Some technical traders view the Put/Call ratio as a contrary indicator when it reaches extreme highs or lows. In other words, because the ETFs mentioned below have a high number of open put option positions relative to call option positions, contrarians would think most of the ETFs mentioned below are set for a rally. Do you agree?

Options data sourced from Schaeffer's, short float and performance data sourced from Finviz. (Please note: All changes in the Put/Call ratio occur between 2/28 - 3/11)



The list has been sorted by the change in the Put/Call ratio.

1. Energy Select Sector SPDR (NYSEARCA:XLE):
Market cap of $10.33B. Current Put/Call ratio at 1.79 vs. previous Put/Call ratio at 1.04 (72.12% change). The market seems to be buying downside protection in the current oil rally, as the geopolitical developments in the sector have increased market uncertainty. It's been a rough couple of days for the ETF, losing 6.35% over the last week.

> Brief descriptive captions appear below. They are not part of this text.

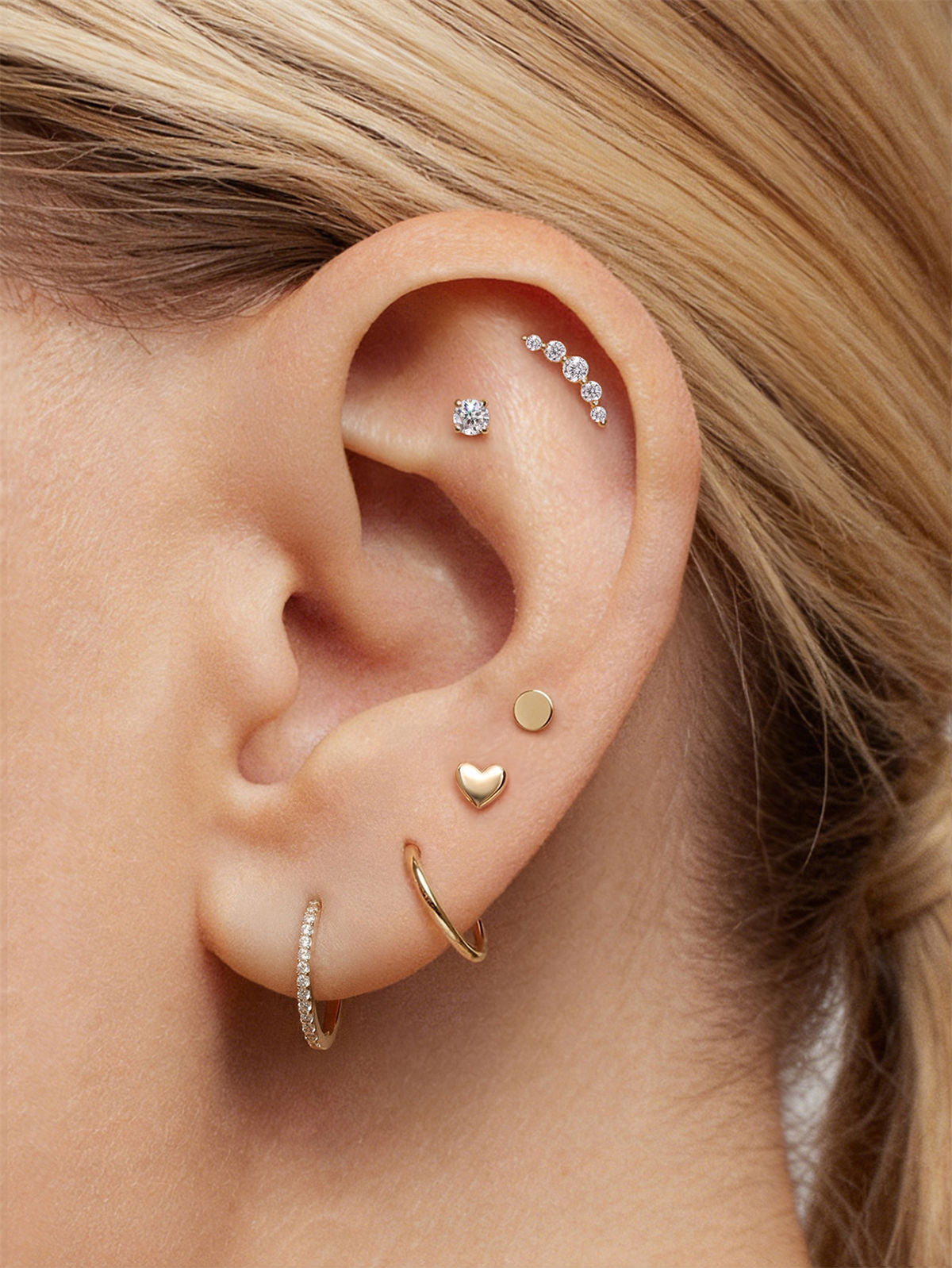 KOSINER 14K Solid Gold Dainty SweetHeart Flat Back Stud
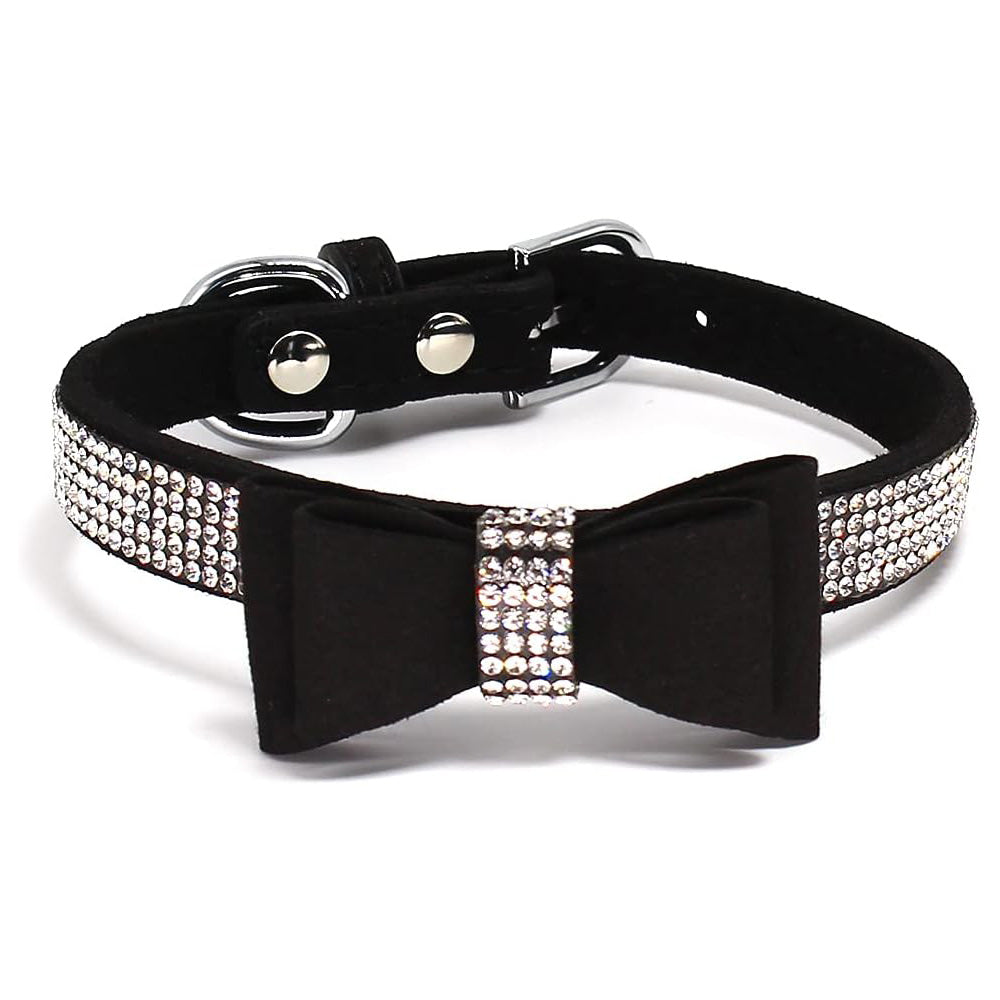 Dazzling Rhinestone Dog Collar and Leash Set with Bow Knot for Small Dogs and Puppies Black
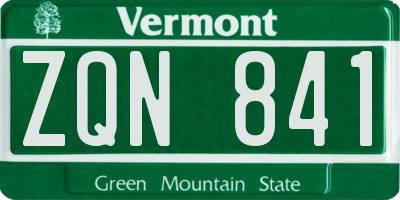 VT license plate ZQN841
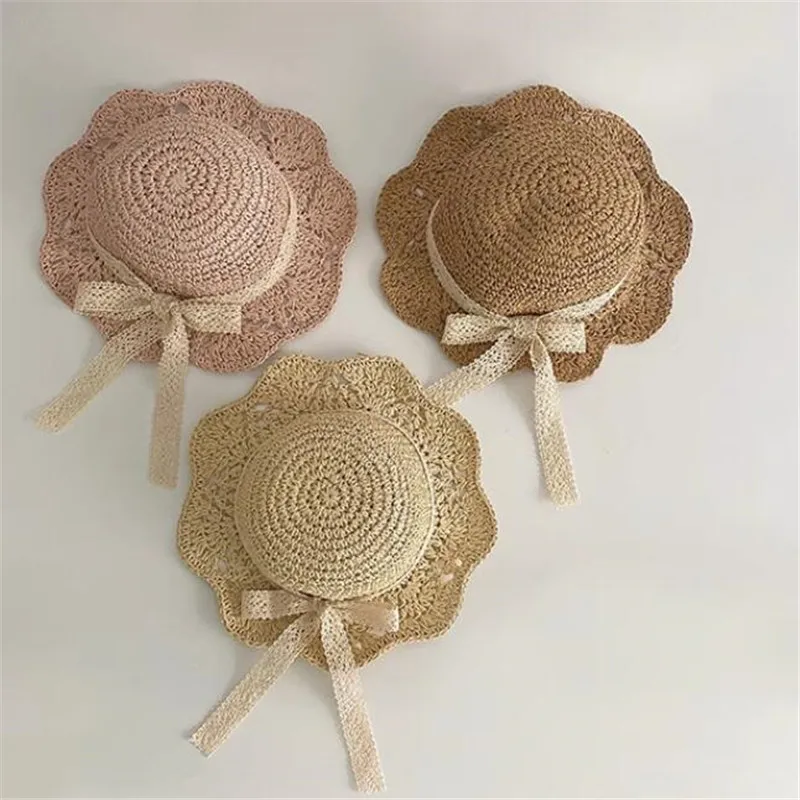 여름 차양 레이스 밀짚 모자, 아기 소녀 모자, 아기 자외선 차단 비치 모자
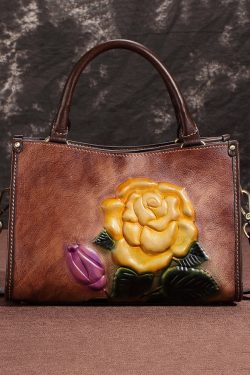 New Casual Coffee Embossed Calf Leather Tote Messenger Bag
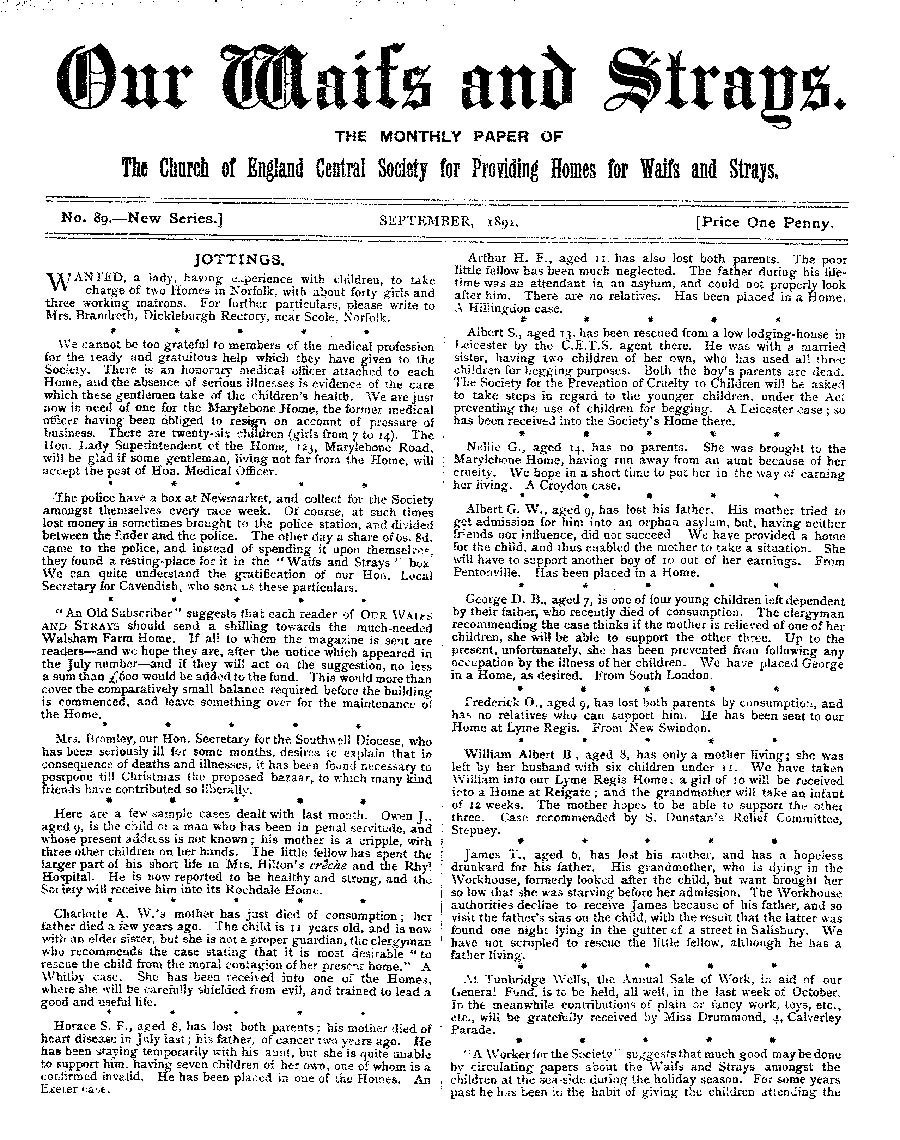 Our Waifs and Strays September 1891 - page 1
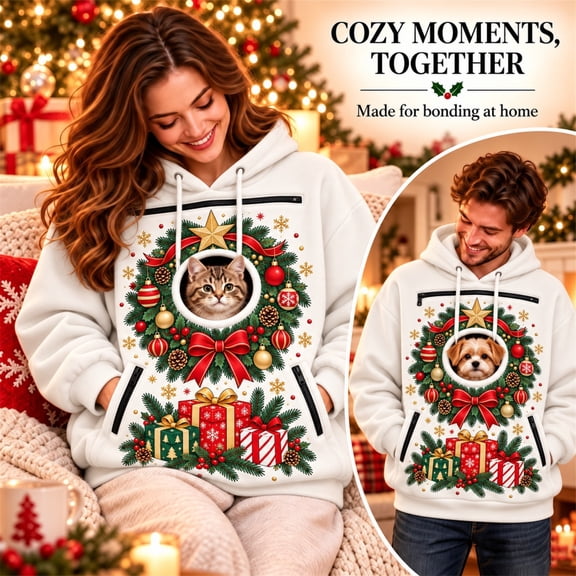 Unisex Pet Pouch Sweatshirt Couple Matching Xmas Snowman/Reindeer Animal Themed Print Hoodies with Zippers Christmas Cat Carriers Sweatshirts White1 S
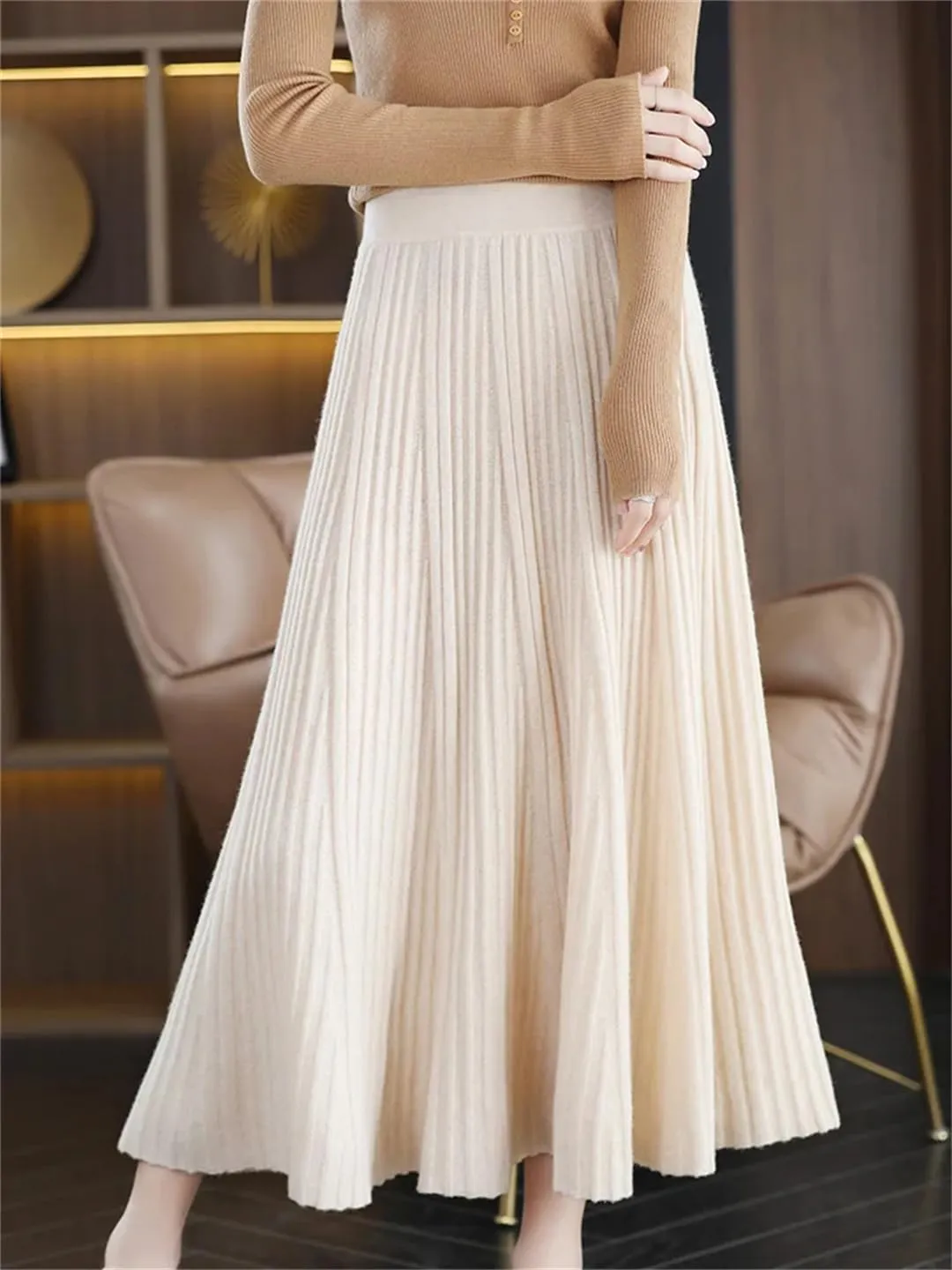 Women's Merino Wool Knit Skirt Pleated High Waist Stretch A Line Solid Color Midi Skirts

2. SPDR S&P MidCap 400 (NYSEARCA:MDY): Market cap of $11.74B. Current Put/Call ratio at 4.46 vs. previous Put/Call ratio at 3.02 (47.68% change). With the recent pullback, options traders have been buying more downside protection on riskier mid-cap stocks. The ETF has gained 22.07% over the last year.

3. SPDR S&P Retail (NYSEARCA:XRT): Market cap of $510.41M. Current Put/Call ratio at 5.3 vs. previous Put/Call ratio at 4.32 (22.69% change). With oil prices rising rapidly, will retail sales take a knock? Options traders seem to take the possibility seriously, especially when you consider the recent rise in the retail ETF's Put/Call ratio.

4. Semiconductor HOLDRs (NYSEARCA:SMH): Market cap of $1.35B. Current Put/Call ratio at 3.02 vs. previous Put/Call ratio at 2.63 (14.83% change). As Wells Fargo cut its view on the semiconductor sector, options traders seem to have jumped on the opportunity to profit on the decline of the ETF. It's been a rough couple of days for the ETF, losing 8.04% over the last week.

5. PowerShares WilderHill Clean Energy (NYSEARCA:PBW): Market cap of $514.98M. Current Put/Call ratio at 1.03 vs. previous Put/Call ratio at 0.9 (14.44% change). Despite the increase in oil prices, options traders don't expect the clean energy ETF to make strong gains. It's been a rough couple of days for the ETF, losing 6.11% over the last week.

Disclosure: I have no positions in any stocks mentioned, and no plans to initiate any positions within the next 72 hours.